Reflecting On Times of War: Honor Flight Helps Veterans Find Peace

Their trip to D.C. also helped them to create some new memories that'll last a lifetime

WASHINGTON, D.C. — The wars may be over, but the memories live on for the veterans who fought in them.

You could see it in more than 80 of them who went on this year’s honor flight to D.C.

Joe Jimenez was just 20 years old when he enlisted as an Army clerk serving in Vietnam.

Little did he know he would never sit behind a desk.

“When I got to my unit, my CO said he didn’t want a clerk typist. That wasn’t what he needed, he needed a fighting man,” Jimenez said.

So a fighting man he was.

Jimenez spent 19 months in Vietnam, where he not only lost close friends but his exposure to Agent Orange also resulted in his loss of vision, forcing Jimenez to completely change the way he approached everyday life.

“I depend everything on the cane and the touch. My senses have really developed, my sense of smell, hearing, listening to different sounds,” Jimenez said.

Despite all the challenges he’s had to overcome, Jimenez says he doesn’t regret fighting for his country.

It’s why he came to D.C. for this year’s Honor Flight.

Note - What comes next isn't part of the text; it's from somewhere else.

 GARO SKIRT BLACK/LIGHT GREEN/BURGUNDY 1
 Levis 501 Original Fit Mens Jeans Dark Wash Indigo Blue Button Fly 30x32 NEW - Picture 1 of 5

Joe touched, felt and smelled the closure he’s been hoping to gain for years, at the Vietnam Memorial.

“I’ve always thought as to why it was me that came back. I got wounded over in Vietnam but there were several times when I could have been dead and I wasn’t,” Jimenez said. “There was another reason why I came back and maybe the one reason was to come visit the wall.”

Jimenez’s wife Mary Jo was also searching for that closure. She lost her cousin James A. Cran in the war and finally saw his name at the wall.

While the two were in D.C. to find something they’ve been looking for, another couple was celebrating everything they have gained.

Betty and Leonard Wahl were stationed in Oklahoma during the Korean War together, where there love story begins on the basketball court of all places.

“He kept coming over to the gym but never said anything and after a while he asked me out for a date and it continued from there on,” Betty Wahl said.

Fifty nine years to be exact, which is why the pair say they couldn’t have pictured coming on their first honor flight without the other.

“Where I am, she is and where she is, I am,” Leonard said.

“This is my greatest achievement,” Betty said.

So many call this trip one of their life achievements because it brought them to those memorials honoring the brothers and sisters they fought alongside, including at the Tomb of the Unknown Soldier where three servicemen still have yet to be identified.

“Boy, and I’ll tell ya, they said would you please be quiet when you’re there out of respect. Boy, there wasn’t a conversation, there wasn’t a statement by anybody,” said Wayne Sanstead, a veteran on the trip. “There were hundreds of hundreds of people there but not a soul said a thing. It was respectful to the nth degree.”

That respect was carried to every site veterans went to through the kids from Horizon Middle School in Moorhead who thanked them to the random faces on the street that recognize the sacrifice it takes to serve in the armed forces.

“I think there’s just a sense of service,” Sanstead said. “The sense that we gave up home for two, four, six years, whatever it was and it was clearly to the benefit of the nation and it was a sincere effort to do something worthwhile, including most importantly defeating our enemies.”

They are heroes who served in Vietnam, Korea and World War II, doing things most of us will never do or will ever see in our lifetime.

“Oh I hope no one ever has to see stuff like that,” Jimenez said.

But for these honor flight veterans who paved the way, it’s why America is a ‘home sweet home’ and why so many will continue to thank them in the years to come.